Brigid is an award-winning journalist for the Washington Post, director of the Better Life Lab with the New America Foundation, wife, mother, and daughter and recent author of Overwhelmed: How to Work, Love and Play When No One Has the Time. Brigid was the overly busy mother of two who realized she was living a life of all work and no play and decided to find out why she felt so overwhelmed. Sound familiar?
Brigid spent several years investigating the topic of “busyness” – a way of life that afflicts many of us in the U.S. Her book maps out the policies and societal pressures that are literally shredding our leisure time into what she calls, useless bits of “time confetti” and urges us to examine what it means to create a well-lived life. Americans are some of the most anxious and overwhelmed people, according to Schulte’s research. What does it cost individuals, families, communities, businesses and even the economy? How can we feel less scattered, making life more meaningful—with time for work, love and play?
Neuroscientists at the Yale Stress Center, says Schulte, discovered that “overwhelm” can physically shrink the thinking brain. Operating under so much continued stress, the prefrontal lobe begins to shut down. A different group of neuroscientists at Harvard found that people’s gray matter expanded after only 8 weeks when they practiced meditation and yoga for as little as 27 minutes a day. The point, says Schulte, is that overwhelm never goes away. But, you can change how you think about it. Changing your perspective and focusing on the present can make your brain grow. “As the brain grows,” says Schulte,” the better you are able to see the swirl of overwhelm without getting swept away by it."

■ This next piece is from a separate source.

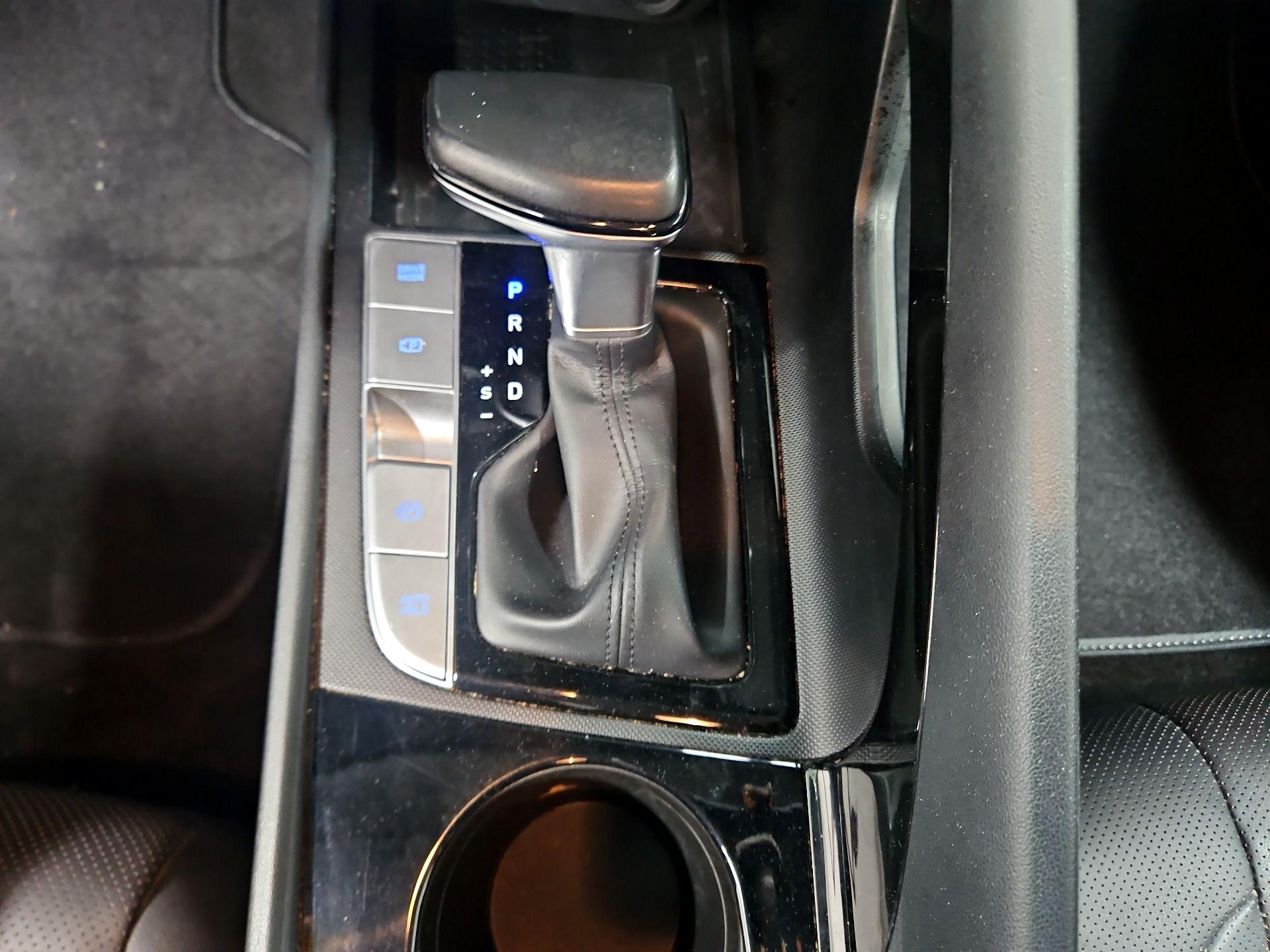 Thumbnail: 2021 Hyundai Elantra - 18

“Getting out of the overwhelm”, says Tara Brach, a mindfulness expert interviewed by Schulte, “means waking up. Waking up to life. Waking up to the fact that it is fleeting. Because when you forget, I’ll remind you that life is going to be over quickly and that this is an amazingly beautiful day.”
DO ONE THING
As you ponder what you need in order to calm your overwhelm, here are a some of my favorite tips from Brigid Schulte to get you started. For more suggestions about how to turn your time confetti into time serenity, grab a copy of her book and read it!
Work
- Doing good work, having time for family and enjoying meaningful relationships, as well as getting a space to refresh the soul is about having a good life – it's not a mom issue, its an equity issue!
- “Overwhelm” happens when a lack of control and unpredictability in work (or life) couple with anxiety.
Love
- When you make decisions about life & love, check your unconscious bias. Are you favoring the male partner’s career for fear he would suffer more if he left the workplace or cut back? Ask questions to see if its true.
- Create systems and automate family routines to cut down on issues – and share the load!
Play
- Make time for silence every day – even if its just taking 5 breaths.
- Try something new to get your of your comfort zone.